I am one member of a five person board. The opinions I express on this forum are mine only, and do not necessarily reflect the views or opinions of the Escambia County Staff, Administrators, Employees, or anyone else associated with Escambia County Florida. I am interested in establishing this blog as a means of additional transparency to the public, outreach to the community, and information dissemination to all who choose to look. Feedback is welcome, but because public participation is equally encouraged, appropriate language and decorum is mandatory.

Thursday, February 12, 2015

Pre-Meeting Prayer: Is This the Next Domino to Fall?

This afternoon's meeting of the Escambia County School Board became an excruciating exercise in restraint.

Listening first to a dissertation from our attorney about the ins and outs of pre-meeting prayer and the pros and cons, and the potential legal pitfalls, the ups and downs, the how we can do it but maybe we shouldn't--left my head spinning like a centrifuge and the issue about as clear as mud.

At the end of it I think her opinion is/was that we can continue to do our pre-meeting invocations but that to guarantee no litigation a moment of silence should be adopted as our policy.

I'll only go along with that if I'm forced to, or if the majority of the board votes to adopt this as a policy.

It came as a refreshing surprise that three board members stated they preferred to continue the long established practice of having each board member, on a rotational basis, bring a guest to deliver a pre-meeting prayer monthly.

For a moment I thought the pendulum had swung all the way, the last domino had fallen, and the board was going to completely capitulate on this issue.
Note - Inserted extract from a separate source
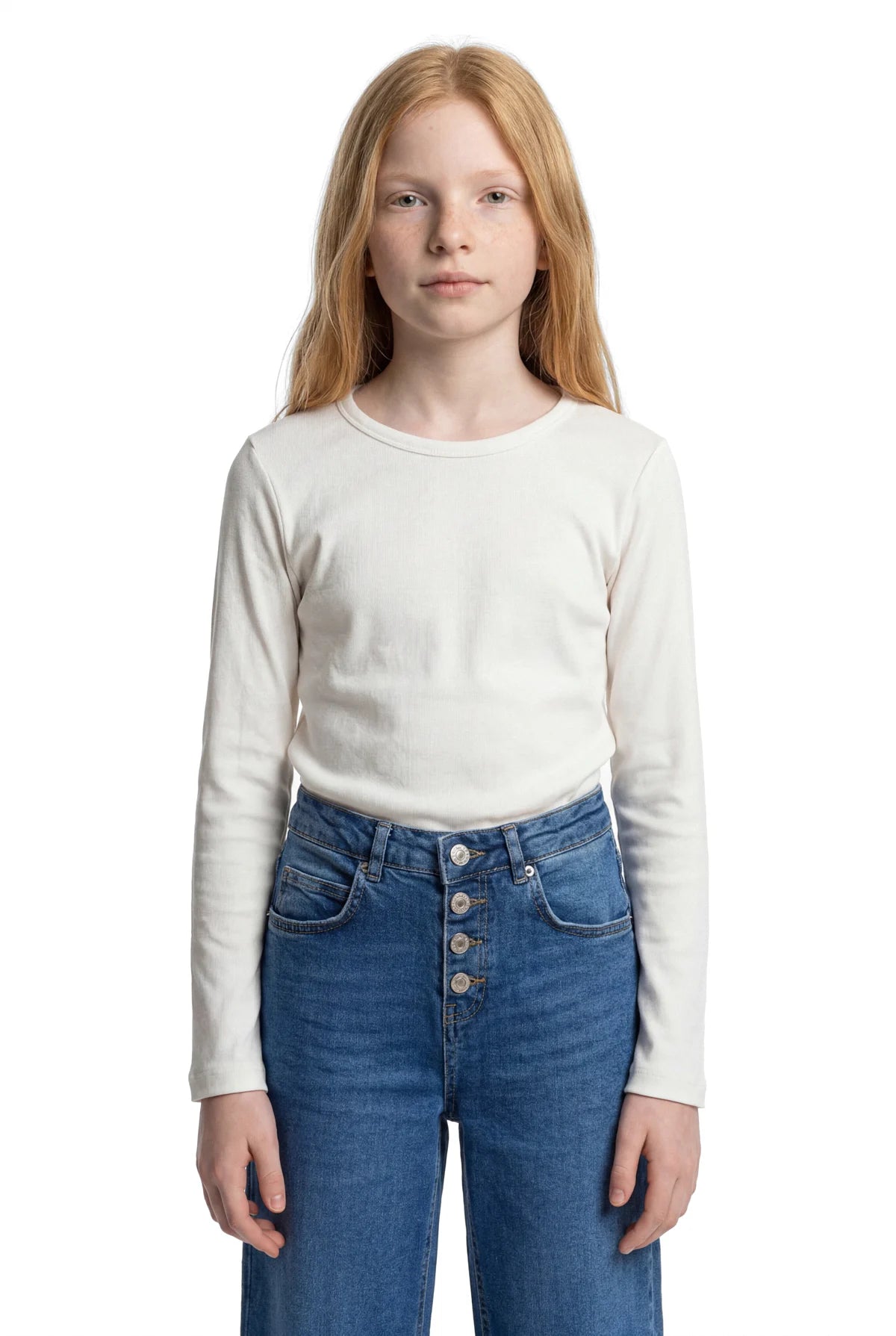 Girls' Ribbed Round Neck Blouse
All around the country-everywhere I look-people seem to just bow down and genuflect to the loudest voices in the room with ridiculous demands that are counter to the majority of the people's values.
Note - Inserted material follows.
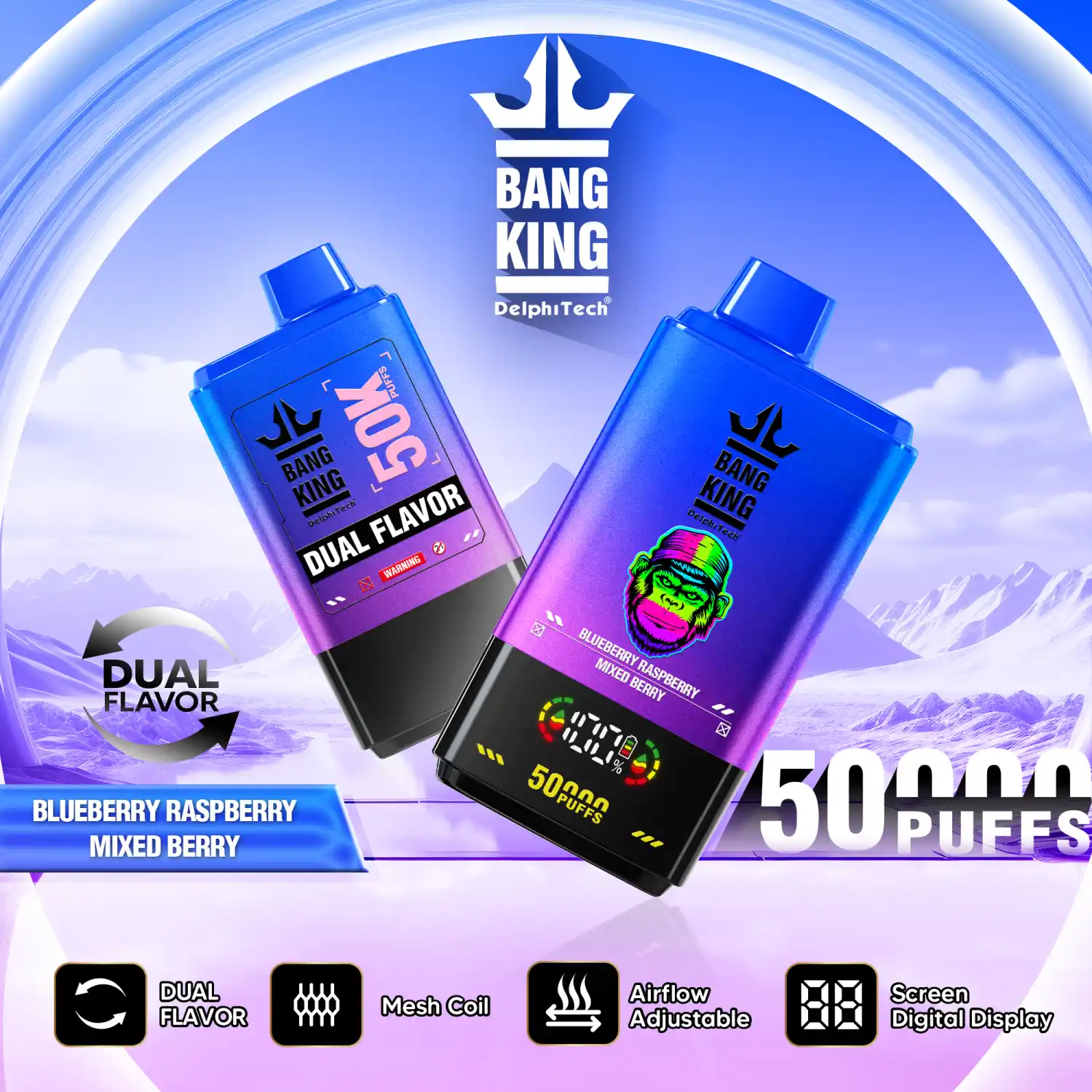 Bang King 50000 Züge Vape mit Doppelgeschmack, Display & Airflow – Bild 8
Doesn't look like that is happening here yet, thankfully.


Anonymous said...

From Galloway v Greece SCOTUS majority opinion: Prayer is permitted at such legislative bodies because: "The town at no point excluded or denied an opportunity to a would-be prayer giver. Its leaders maintained that a minister or layperson of any persuasion, including an atheist, could give the invocation." Likewise from Galloway "So long as the town maintains a policy of nondiscrimination, the Constitution does not require it to search beyond its borders for non-Christian prayer givers in an effort to achieve religious balancing."
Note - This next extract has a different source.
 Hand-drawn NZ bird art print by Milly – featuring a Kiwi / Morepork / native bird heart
The ECSB ignores these SCOTUS instructions. They don't allow laypersons or those of faiths they don't like and they practice discrimination. A moment of silence would welcome everyone and not break the law.

Jeff Bergosh said...

Anon 2-12, I will not post your comment, it will stay in moderation because you have chosen to use a term that is anti-Semitic, derogatory, and demeaning. I won't tolerate it. The first part of your comment was fine, if you want to re-phrase it and re-post it I'll approve it to appear. Unlike others who just let that same smear roll off their backs, when they could have and should have challenged the use of that term--- I won't because it is an attack-phrase.

Anonymous said...

I'd like to know how ALL the SB members independently determined that the invocation offers from Humanists, atheists and Pagans were all "BAD FAITH"? Not a single one of you will consider these offers, despite Galloway's dictate that "ANYONE" could offer an invocation and that government bodies should practice "NONDISCRIMINATION". It seems like "BAD FAITH" is any faith except Christianity... and maybe one Jew "for diversity".

Still waiting on that WRITTEN invocation policy too. It's been 6 months. Why does it take so long? Probably because your attorney can not write a policy that allows you to exclude minorities at will and still comports with the law.